Like Gore, Democrats plan to pay for absolution of their environmental sins. They'll buy indulgences from a branch of the green church called NativeEnergy, a Vermont-based business that brokers carbon credits, or "offsets."
Howard said NativeEnergy paid the school district between $200,000 and $300,000 to issue "green tags," which it will use to represent the indulgence credits. How does one value supernatural green currency blessed by public school officials?
"It's strictly a matter of negotiating price," Howard said.
NativeEnergy officials asked Howard not to disclose the exact amount they paid for the green tags. And why is that? It's because NativeEnergy makes money by marking up the cost of indulgences. The seller (NativeEnergy) doesn't want the buyer (Democratic Party) to know the wholesale price. A freedom of information request will solve the mystery.
The general public is intended to know little details about these carbon credit transactions. When the story is told, it's supposed to sound something like this: Democrats arranged to power their convention with a windmill that funds rural schools on the Colorado plains.
If one carefully examines the indulgence transaction, it's clear that this does nothing to reduce the carbon footprint of the Democratic convention. With or without the purchase of indulgences, Democrats will buy conventional electricity from a conventional power company that burns coal and makes an icky mess.
With or without these indulgences, The Wray School District's turbine will churn on the Colorado plains, in a frequently foiled effort to supply power to Wray - not the Democratic convention.
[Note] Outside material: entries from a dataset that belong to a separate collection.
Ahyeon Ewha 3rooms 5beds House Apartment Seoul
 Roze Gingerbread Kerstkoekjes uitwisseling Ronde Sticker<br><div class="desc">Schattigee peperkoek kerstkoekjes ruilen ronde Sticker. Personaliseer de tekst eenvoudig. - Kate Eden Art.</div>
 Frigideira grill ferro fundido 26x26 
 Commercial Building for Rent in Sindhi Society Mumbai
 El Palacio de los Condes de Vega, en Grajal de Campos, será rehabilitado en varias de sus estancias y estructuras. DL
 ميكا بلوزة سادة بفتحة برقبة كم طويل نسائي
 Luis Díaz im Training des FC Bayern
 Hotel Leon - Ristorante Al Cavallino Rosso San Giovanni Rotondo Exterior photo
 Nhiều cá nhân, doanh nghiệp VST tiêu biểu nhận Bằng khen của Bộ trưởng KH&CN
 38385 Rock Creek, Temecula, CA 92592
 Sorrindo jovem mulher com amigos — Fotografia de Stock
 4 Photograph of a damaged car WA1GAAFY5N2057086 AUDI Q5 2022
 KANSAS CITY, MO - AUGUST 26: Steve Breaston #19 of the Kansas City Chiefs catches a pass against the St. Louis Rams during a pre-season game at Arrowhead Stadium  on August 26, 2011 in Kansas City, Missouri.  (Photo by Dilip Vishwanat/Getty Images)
The green indulgence tags change nothing. Even if the windmill works next month, it will provide no electricity to the grid and certainly none to the convention site. There's no practical nexus at all - just a third-party transaction in which Wray Public Schools received payment for wholesaling an absolution of environmental guilt and hypocrisy.
At best it's an amateur attempt at slight of hand. Worse, this dishonest appropriation of Wray's windmill highlights a genuine and disturbing belief among wealthy Democrats. It's a belief that says they can pollute - committing environmental sins - without guilt. They can sin without having to change their ways. The big private planes, the wasteful mansions and the limousines are all forgiven - without the burden of actually performing penance. So long as they pay the environmental church, that is.